Average US tariffs at highest level since 1938

A.V.
English Section / 15 aprilie

Average US tariffs at highest level since 1938

Versiunea în limba română

US trade policy changes almost weekly, if not daily, according to an analysis by visualcapitalist.com, which notes that while Trump imposed heavy reciprocal tariffs on about 100 countries last week, on April 9 he announced a 90-day break for countries that did not retaliate. The general 10% tariff on US imports, however, remains in place.

In 2025, the average US import tariff rose to 14.5% - the highest level in almost 90 years, more precisely since 1938, according to the analysis, which presents these averages throughout history, based on data provided by the Tax Foundation. By comparison, in 2024, the average U.S. tariff rate was 2.5%, slightly lower than that of the European Union, China, and several other major economies around the world.

As trade tensions escalate, tariffs on China have risen to 125%, and China's tariffs on U.S. goods now stand at 84%. In response, market volatility has spiked, given the unpredictable nature of Trump's trade policy.

According to the source, in the late 19th century, in 1890, under the presidency of William McKinley, the average U.S. tariff rate was 29.6%. At that time, tariffs were used to protect American industry and raise government revenue, in a time when income taxes did not exist. As global trade liberalized after World War I, tariffs fell and the U.S. government introduced higher income taxes.

However, tariffs rose again in response to economic instability. In 1922, the Fordney-McCumber Act raised average tariffs to 15.2% to protect American manufacturers and farmers. During the Great Depression, the Smoot-Hawley Tariff Act of 1930 raised tariffs even higher-to 19.8%-in an effort to protect jobs and domestic industries.

In the following decades, tariffs fell amid multilateral trade agreements aimed at eliminating trade barriers. Among the most important are the General Agreement on Tariffs and Trade of 1947 and the North American Free Trade Agreement of 1994, which virtually eliminated tariffs between the United States, Canada, and Mexico.

According to the cited source, in 1994, the average of customs duties imposed by the US was 3%, in 1995 - 2.5%, and in 1996 - 2.3%. In 2005, it dropped to 1.4%, in 2008 - to 1.2%, and in 2021 it reached 3% again. In 2022-2023 it was 2.8%, respectively 2.4%.

IMF: "Trade tensions can lead to stock market crashes"

Major geopolitical risk events, including trade tensions, can trigger large corrections in stock prices, the International Monetary Fund (IMF) warned in a report published yesterday, Reuters reports, according to Agerpres.

In turn, these stock price corrections can threaten financial stability, the IMF said in a chapter published in advance of its upcoming Global Financial Stability Report.

The IMF did not specify which events it was referring to, such as the sweeping tariffs announced in recent weeks by US President Donald Trump. But it said risks such as conflict, war, terrorist attacks, military spending and trade restrictions have increased significantly after 2022.
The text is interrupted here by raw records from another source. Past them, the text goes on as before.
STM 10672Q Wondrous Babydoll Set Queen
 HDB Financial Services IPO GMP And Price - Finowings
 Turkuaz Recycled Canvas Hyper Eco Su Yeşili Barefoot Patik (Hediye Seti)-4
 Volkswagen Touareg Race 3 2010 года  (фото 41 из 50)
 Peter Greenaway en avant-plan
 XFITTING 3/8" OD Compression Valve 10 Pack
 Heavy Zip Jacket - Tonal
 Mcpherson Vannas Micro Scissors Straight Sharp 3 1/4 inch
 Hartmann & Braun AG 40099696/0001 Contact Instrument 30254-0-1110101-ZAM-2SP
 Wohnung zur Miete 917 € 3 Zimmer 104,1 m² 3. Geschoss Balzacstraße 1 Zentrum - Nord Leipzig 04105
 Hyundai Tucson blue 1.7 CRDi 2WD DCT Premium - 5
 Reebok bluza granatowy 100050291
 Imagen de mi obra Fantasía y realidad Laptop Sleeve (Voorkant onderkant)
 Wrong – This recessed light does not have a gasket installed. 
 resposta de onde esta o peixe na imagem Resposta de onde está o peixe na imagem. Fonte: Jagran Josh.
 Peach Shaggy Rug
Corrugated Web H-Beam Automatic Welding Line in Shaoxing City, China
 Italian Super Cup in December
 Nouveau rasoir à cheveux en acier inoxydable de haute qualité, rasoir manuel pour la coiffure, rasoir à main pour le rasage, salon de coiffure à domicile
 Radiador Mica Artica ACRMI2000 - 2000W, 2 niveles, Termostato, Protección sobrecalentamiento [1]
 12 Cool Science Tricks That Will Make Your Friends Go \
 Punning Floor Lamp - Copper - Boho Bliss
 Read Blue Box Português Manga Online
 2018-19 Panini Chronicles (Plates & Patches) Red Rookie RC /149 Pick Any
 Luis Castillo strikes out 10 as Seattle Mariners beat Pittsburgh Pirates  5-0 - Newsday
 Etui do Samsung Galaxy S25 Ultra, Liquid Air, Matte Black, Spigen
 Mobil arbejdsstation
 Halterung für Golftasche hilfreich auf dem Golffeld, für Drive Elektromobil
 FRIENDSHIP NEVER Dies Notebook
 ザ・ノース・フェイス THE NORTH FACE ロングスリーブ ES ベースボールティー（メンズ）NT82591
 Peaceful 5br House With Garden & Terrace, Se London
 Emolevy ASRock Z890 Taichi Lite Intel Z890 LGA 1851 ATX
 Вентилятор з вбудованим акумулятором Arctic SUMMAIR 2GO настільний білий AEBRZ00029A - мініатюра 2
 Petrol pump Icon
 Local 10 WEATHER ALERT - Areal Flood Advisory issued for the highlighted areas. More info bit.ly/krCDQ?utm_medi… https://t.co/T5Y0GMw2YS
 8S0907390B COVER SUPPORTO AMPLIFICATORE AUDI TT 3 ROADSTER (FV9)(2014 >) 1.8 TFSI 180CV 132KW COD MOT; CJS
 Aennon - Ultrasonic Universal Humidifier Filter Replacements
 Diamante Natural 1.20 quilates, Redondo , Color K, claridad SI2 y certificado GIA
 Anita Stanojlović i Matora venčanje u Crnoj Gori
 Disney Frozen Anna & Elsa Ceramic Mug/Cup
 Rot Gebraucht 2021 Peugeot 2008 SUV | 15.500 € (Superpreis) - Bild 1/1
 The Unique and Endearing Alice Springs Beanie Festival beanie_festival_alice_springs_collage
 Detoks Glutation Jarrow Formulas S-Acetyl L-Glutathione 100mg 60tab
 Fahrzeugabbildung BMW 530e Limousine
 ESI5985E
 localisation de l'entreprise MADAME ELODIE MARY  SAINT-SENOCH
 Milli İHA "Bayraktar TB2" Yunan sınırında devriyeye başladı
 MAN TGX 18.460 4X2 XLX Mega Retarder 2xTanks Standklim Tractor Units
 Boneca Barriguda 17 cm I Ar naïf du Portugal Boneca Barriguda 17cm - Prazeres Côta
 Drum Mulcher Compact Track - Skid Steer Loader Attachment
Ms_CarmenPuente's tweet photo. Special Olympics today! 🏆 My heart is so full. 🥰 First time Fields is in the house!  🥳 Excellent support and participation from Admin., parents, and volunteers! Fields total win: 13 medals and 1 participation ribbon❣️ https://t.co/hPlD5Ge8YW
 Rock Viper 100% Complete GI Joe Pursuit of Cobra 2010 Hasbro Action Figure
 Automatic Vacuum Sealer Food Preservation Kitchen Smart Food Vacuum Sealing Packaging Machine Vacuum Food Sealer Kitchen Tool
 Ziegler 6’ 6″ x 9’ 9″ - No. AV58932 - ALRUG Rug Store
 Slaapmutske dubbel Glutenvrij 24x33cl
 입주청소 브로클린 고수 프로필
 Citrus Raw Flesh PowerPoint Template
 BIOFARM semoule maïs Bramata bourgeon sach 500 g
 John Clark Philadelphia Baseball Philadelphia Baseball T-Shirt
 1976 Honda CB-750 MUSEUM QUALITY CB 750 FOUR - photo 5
In a separate blog post, the IMF urged financial institutions to hold sufficient capital and liquidity to help them withstand potential losses from geopolitical risks, and advised them to use stress tests and other analyses to identify and manage such risks.

In the report, the IMF points out that its analysis shows that high-risk events such as wars, diplomatic tensions or terrorism can lead to an average drop in stock prices of one percentage point each month, across all countries, and an average drop of 2.5 percentage points for emerging markets.

International military conflicts, such as the Russian invasion of Ukraine in 2022, are the events with the highest risks, leading to an average drop of five percentage points in stock returns each month, double the level of other geopolitical risk events.

The IMF also shows that economic uncertainty increases the risk of large and unexpected losses in investment portfolios, which in turn increases the risk of stock market crashes. Increased geopolitical risks can also lead to higher sovereign risk premia and could also be reflected in other economies through trade and financial links.

In a blog post, the IMF analyzed the impact of U.S. and Chinese tariff measures from 2018 to 2024, noting that some of the major announcements led to stock market declines in both countries.